**What needs to be done**
Your task is to copy every line of the entries that holds the word "Used".

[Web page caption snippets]
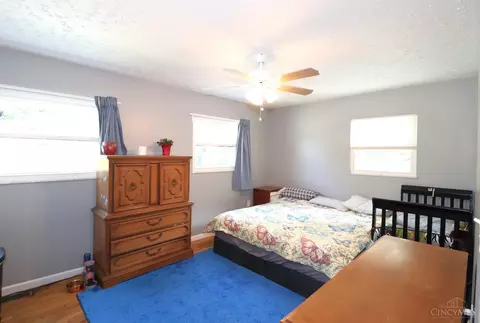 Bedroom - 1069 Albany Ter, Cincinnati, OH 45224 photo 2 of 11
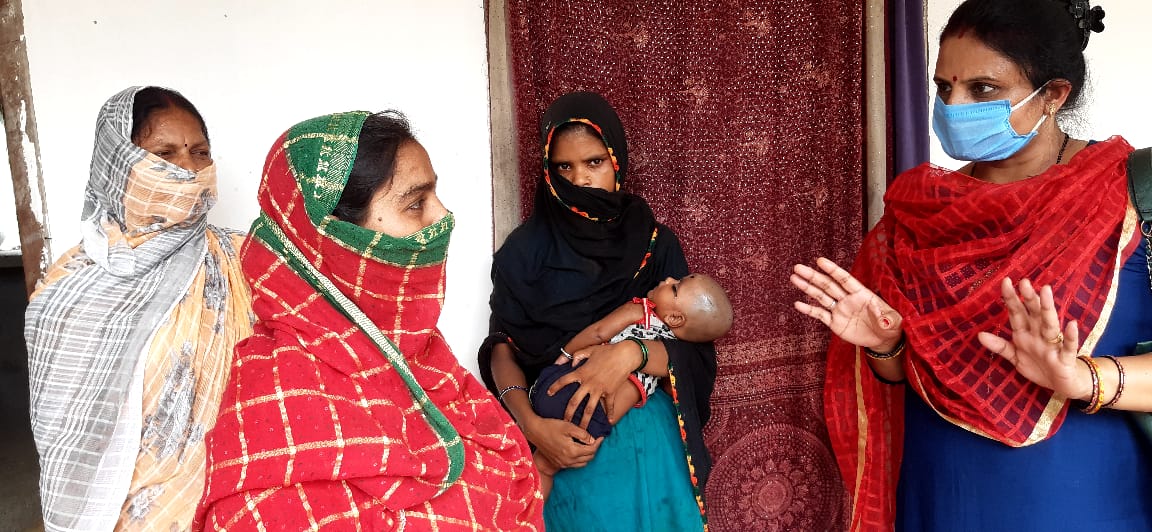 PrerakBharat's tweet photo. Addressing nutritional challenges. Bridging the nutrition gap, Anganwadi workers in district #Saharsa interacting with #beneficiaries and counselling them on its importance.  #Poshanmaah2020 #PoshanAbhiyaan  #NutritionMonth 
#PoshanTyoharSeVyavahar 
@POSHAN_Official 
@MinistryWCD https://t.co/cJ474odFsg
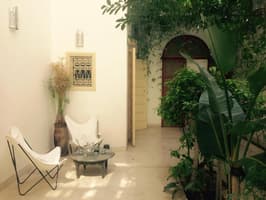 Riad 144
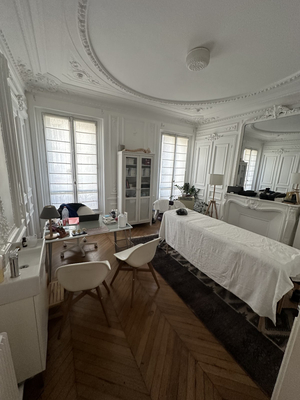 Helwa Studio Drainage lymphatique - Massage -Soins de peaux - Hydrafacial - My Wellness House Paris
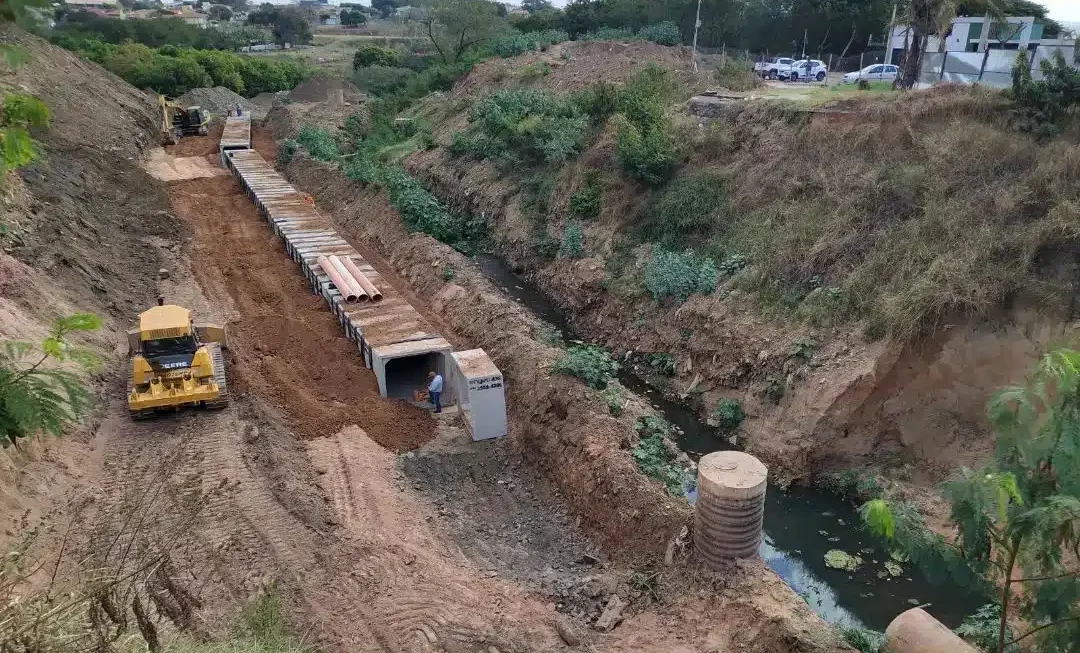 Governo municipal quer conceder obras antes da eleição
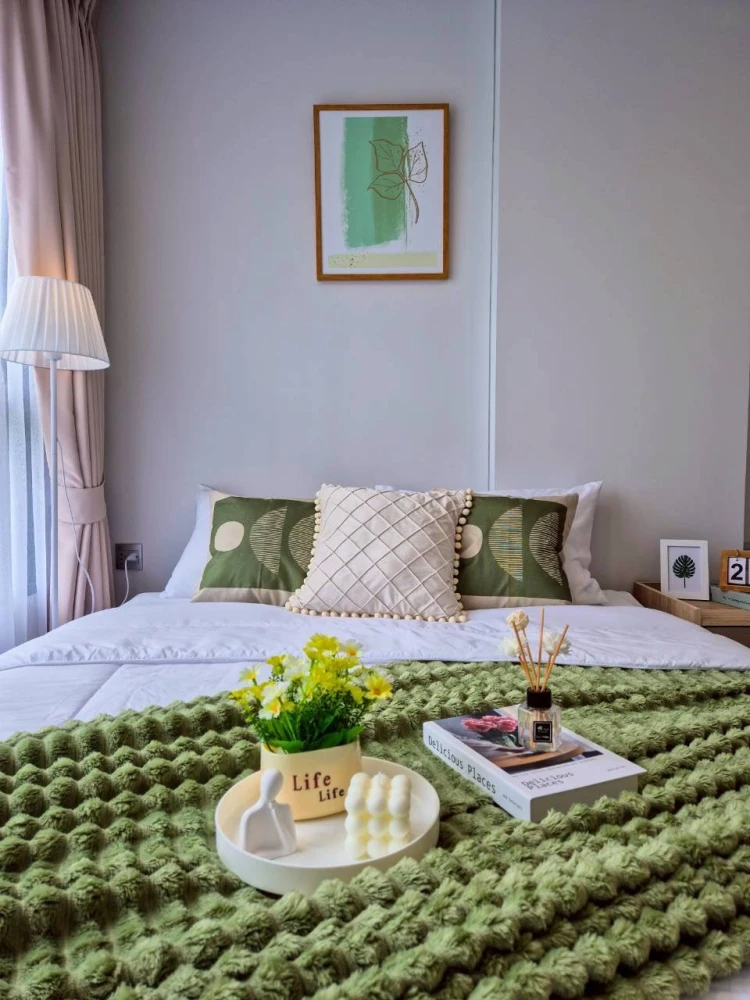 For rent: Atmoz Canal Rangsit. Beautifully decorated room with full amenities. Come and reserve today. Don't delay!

...

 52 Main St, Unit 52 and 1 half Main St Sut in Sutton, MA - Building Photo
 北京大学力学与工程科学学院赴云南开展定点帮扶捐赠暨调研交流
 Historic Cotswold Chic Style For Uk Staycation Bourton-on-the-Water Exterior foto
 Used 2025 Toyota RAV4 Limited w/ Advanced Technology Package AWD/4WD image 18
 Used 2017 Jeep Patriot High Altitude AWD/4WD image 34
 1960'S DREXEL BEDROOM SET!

**Result of this task**
 Used 2025 Toyota RAV4 Limited w/ Advanced Technology Package AWD/4WD image 18
 Used 2017 Jeep Patriot High Altitude AWD/4WD image 34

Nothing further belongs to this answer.